Mechanical repulsion forces then appear between the winding 132 and the armature 122, in a direction perpendicular to the surface 1221. These forces make it possible to give the actuator 12 sufficient acceleration in the direction parallel to the axis A to move the actuator 12 in this direction, in a closing direction of the switch 111.

According to a similar operation, equivalent mechanical forces also appear between the winding 133 and the armature 222, in a direction perpendicular to the surface 2221. These forces make it possible to give the actuator 22 sufficient acceleration in the direction parallel to the axis A to move actuator 22 in that direction, in a direction opposite to that of actuator 12.

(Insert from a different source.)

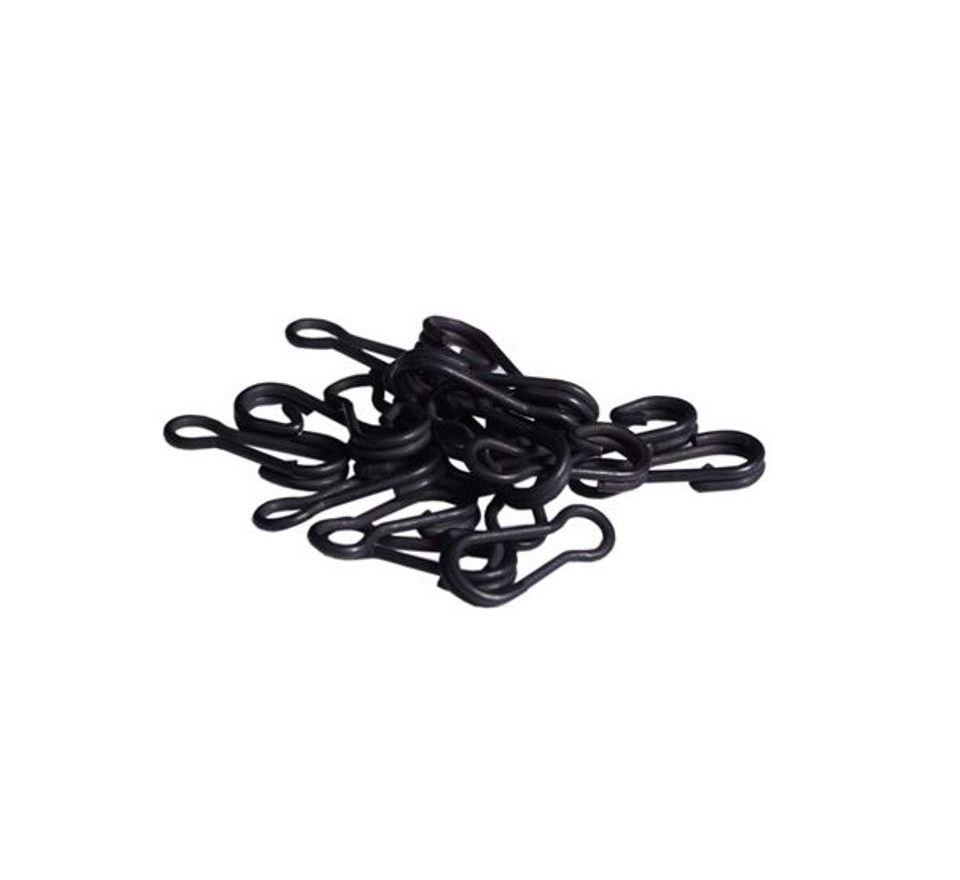 RidgeMonkey Klip Connexion QC Hooklink Clip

Figure 6 shows a side sectional view of the induction-operated vacuum interrupter circuit breaker 1, in the closed position, according to an alternative exemplary embodiment of the invention comprising the frame 10 on which are fixed two interrupters 11 and 21. The vacuum bulb 11, the actuator 12, the armatures 122 and 222, and the control windings 131 to 133 are identical to those of the previous embodiment.

The vacuum interrupter 21 comprises:
- an enclosure 210 providing vacuum tightness,
- A switch 211 itself comprising a fixed electrode 2111 and a mobile electrode 2113. The electrodes 2111 and 2113 are aligned along the axis A. The electrodes 2111 and 2113 are housed in the vacuum enclosure 210;
- a bellows 212 allowing a translational movement of the movable electrode 2113 along the axis A. The electrodes 2111 and 2113 are thus capable of being brought into contact or separated from each other while maintaining the seal to the vacuum of enclosure 210.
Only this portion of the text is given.